For most of the industry's history, that was the best anyone could do. Scales are expensive. Gathering cattle is labor intensive. The data was always going to be periodic.
GPS collars changed that equation. With Halter collars streaming estimated weight data throughout the day, you suddenly have a continuous record for every animal. The question is: does continuous data actually tell you anything that quarterly data does not?
We spent six months finding out.
The Setup
We tracked a set of 340 yearling steers on a stocker operation in eastern Montana. The animals wore Halter GPS collars from arrival in May through sale in November. The ranch also ran their standard weigh program: animals crossed the scale at arrival, at 90 days, and again at pre-sale.
This gave us both datasets for the same animals over the same period. We could compare what the rancher would have known from his normal weigh schedule against what the continuous data revealed.
Finding One: Weight Loss Events Are Invisible in Quarterly Data
Across the 340 head, we identified 23 animals that experienced a weight loss event of 15 or more pounds within a 72 hour window during the tracking period. These drops correlated with respiratory illness (confirmed by the ranch's treatment records in 14 cases), water source issues, or pasture transition stress.

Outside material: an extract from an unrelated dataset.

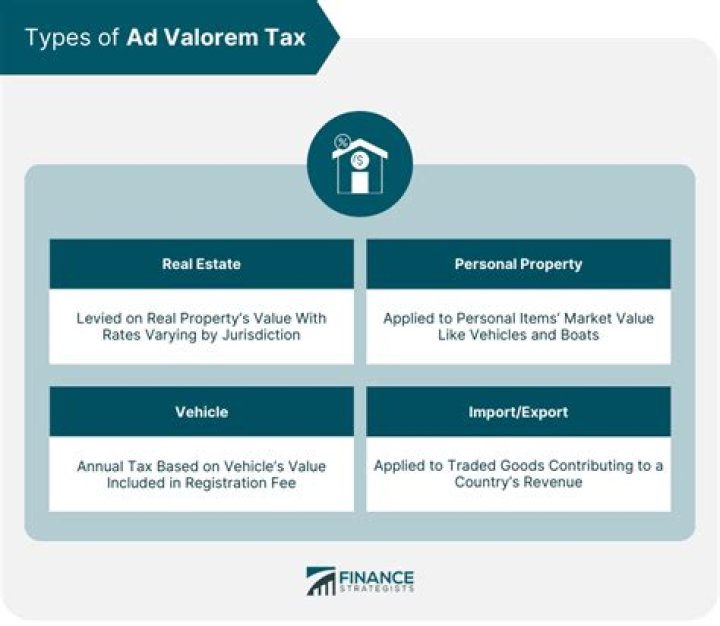 Which of the following are considered ad valorem taxes?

Of those 23 animals, only 4 had a loss event that happened to coincide with one of the three scheduled weigh days. The other 19 showed up at their next weigh-in looking fine because they had recovered by then. The rancher never knew the event happened.
This matters because a 15 pound drop in a 700 pound steer, if caught early, often means a $12 antibiotic treatment and 48 hours of observation. If missed, it can escalate into a $200 vet visit, lost gain, and in the worst case, a dead animal.
Finding Two: Average Daily Gain Calculations Were Off by 12%
When you calculate ADG from two weigh points, you are drawing a straight line between them. The assumption is that the animal gained weight at a roughly constant rate between measurements.
Continuous data showed that assumption was wrong more often than expected. Animals that went through a stress period and then compensated with faster gain afterward produced a straight line ADG that looked normal. But the reality was a valley and a spike, not a consistent slope.
Across the 340 head, the average absolute difference between straight line ADG and actual daily-resolution ADG was 0.18 pounds per day. On a six month tracking period, that compounds into meaningful error when you are making feeding and marketing decisions.
Finding Three: Sale Timing Decisions Improved
The rancher told us that in previous years, he made his sale timing decision based on two factors: target weight and market price. He would aim for 850 pounds and watch the board for a decent price.
With daily weight data, he could see exactly when individual groups were approaching target weight. He split his sale into two loads two weeks apart, selling the faster gaining pen first and giving the slower pen time to close the gap. In previous years, he would have shipped everything at once.
The net result was $11 per head better on the second load compared to what those animals would have brought if sold with the first group. On 160 head, that was $1,760.
What This Means
None of these findings are revolutionary on their own. Every experienced rancher knows that cattle lose weight when they get sick. Every cattleman knows ADG is an approximation. The point is not that quarterly data is wrong. The point is that continuous data reveals things that periodic data structurally cannot.
Twenty years ago, the cost of getting continuous data was prohibitive. Today, a GPS collar that provides estimated weights costs less than a single missed health event.
The data is there. The question is whether you are capturing it.